What the exercise asks.
Exactly as written, retype the lines that run from the line holding "Unknown flying insect" through the end of the records below. Do not include pictures.

- Opening Delimiter -

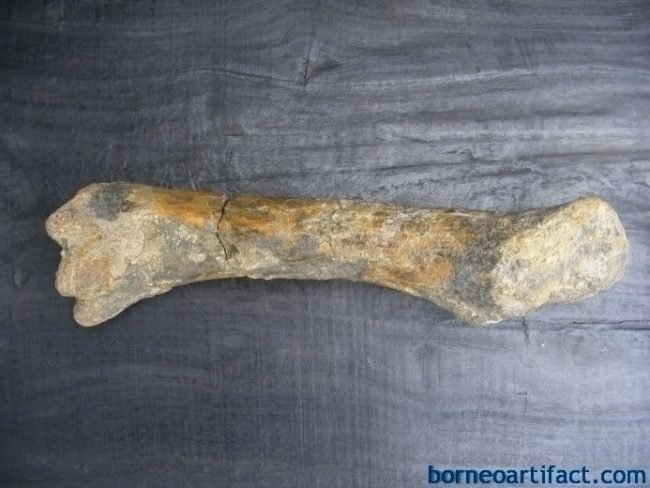 FOSSIL ANCIENT MEGA SIZE BONE Stegodon No Dinosaur Fossils Relic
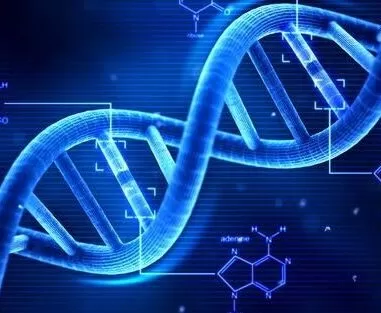 dna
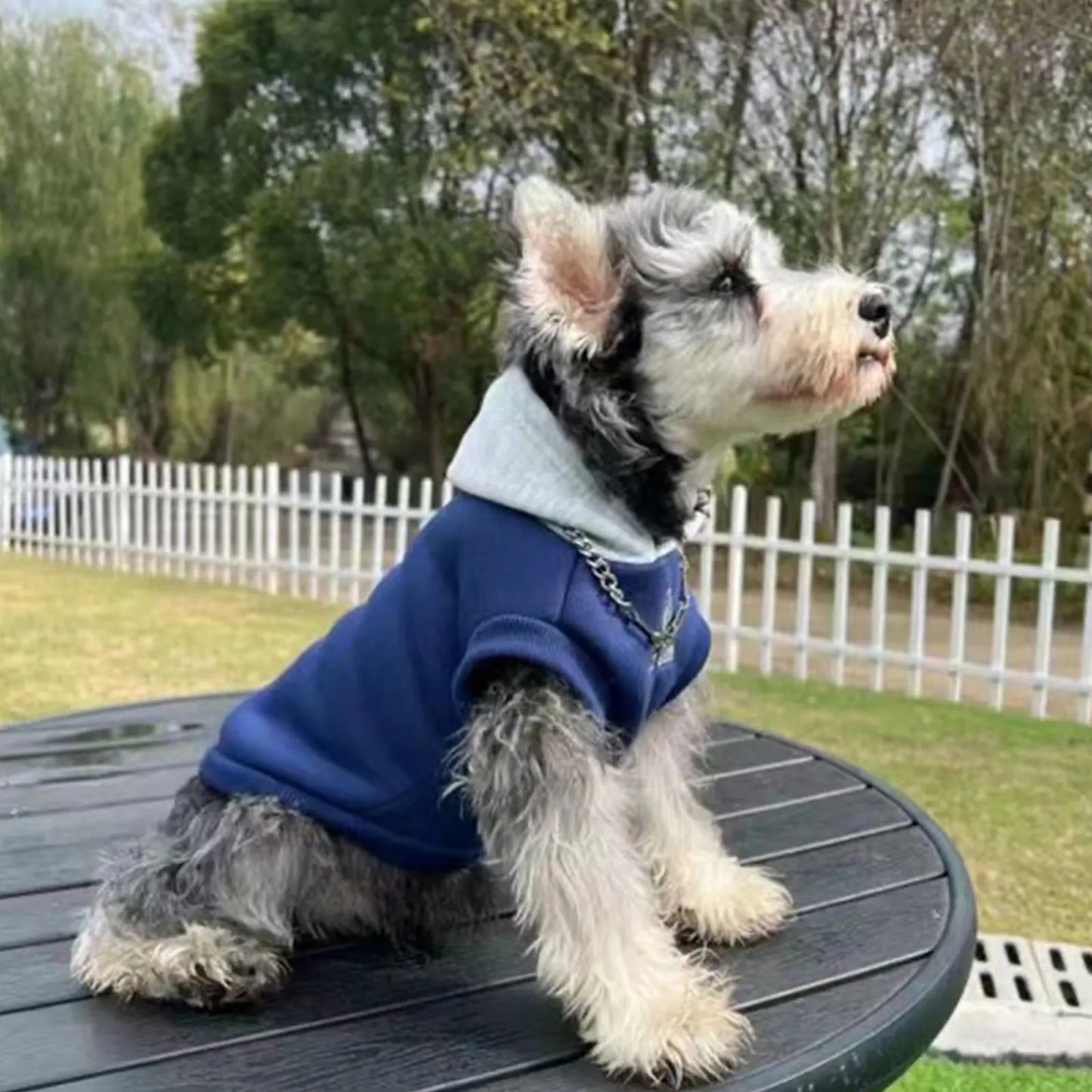 👶🐾 Felpa coccolosa per il tuo cucciolo 🐶❤️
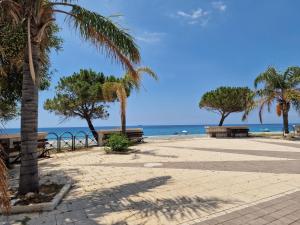 Marina di San Lorenzo的住宿－La Terrazza di Elisa，海滩上种有长椅和棕榈树的公园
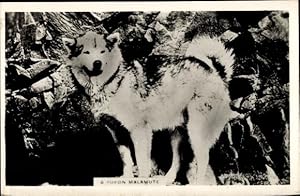 Foto Ansichtskarte / Postkarte Kanada, A Yukon Malamute, Zughund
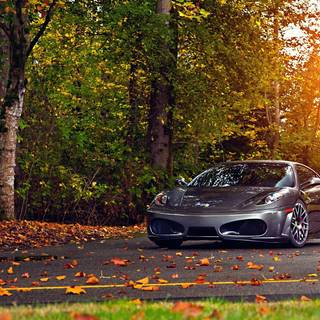 Porshe autumn leaves wallpaper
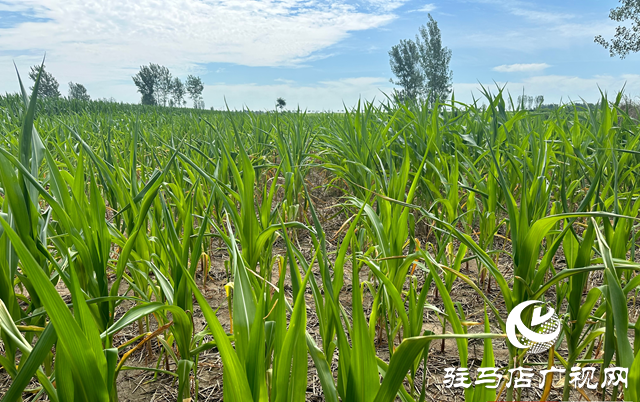 泌陽縣郭集鎮(zhèn)：抓好雨后秋田管理 保群眾“糧食安全”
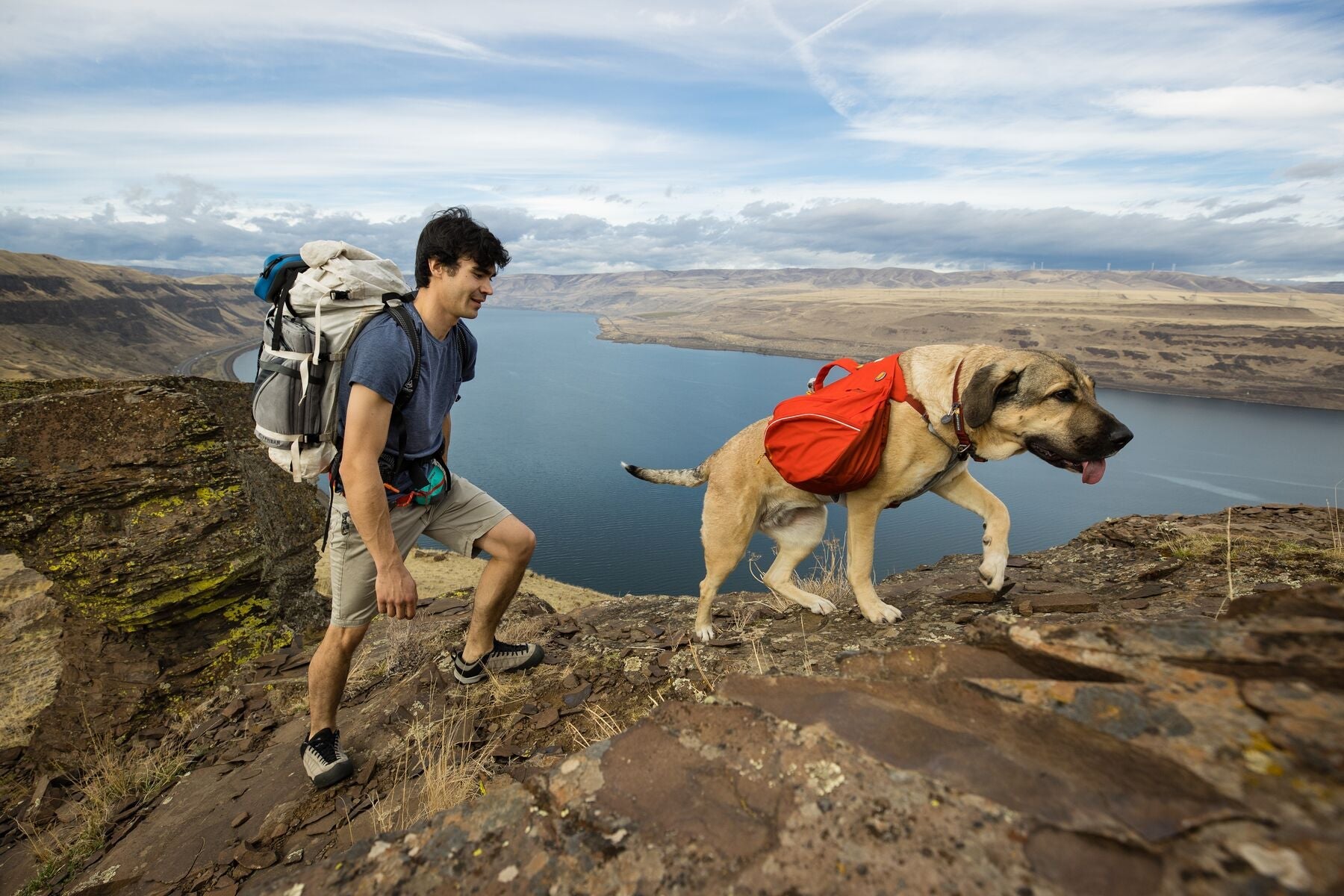 Backcountry camping with dogs 2025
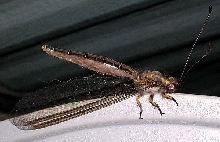 Unknown flying insect
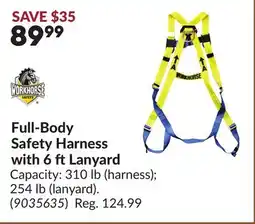 Princess Auto Full-Body Safety Harness with 6 ftLanyard offer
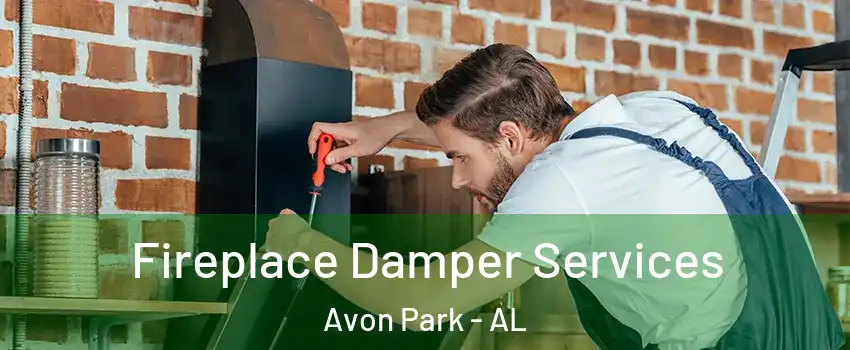Fireplace Damper Services Avon Park - AL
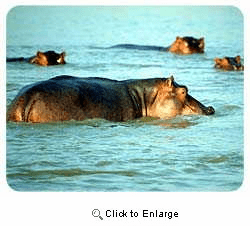 Hippopotamus Coasters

- Closing Delimiter -

Response to this task.
 Unknown flying insect
 Princess Auto Full-Body Safety Harness with 6 ftLanyard offer
Fireplace Damper Services Avon Park - AL
 Hippopotamus Coasters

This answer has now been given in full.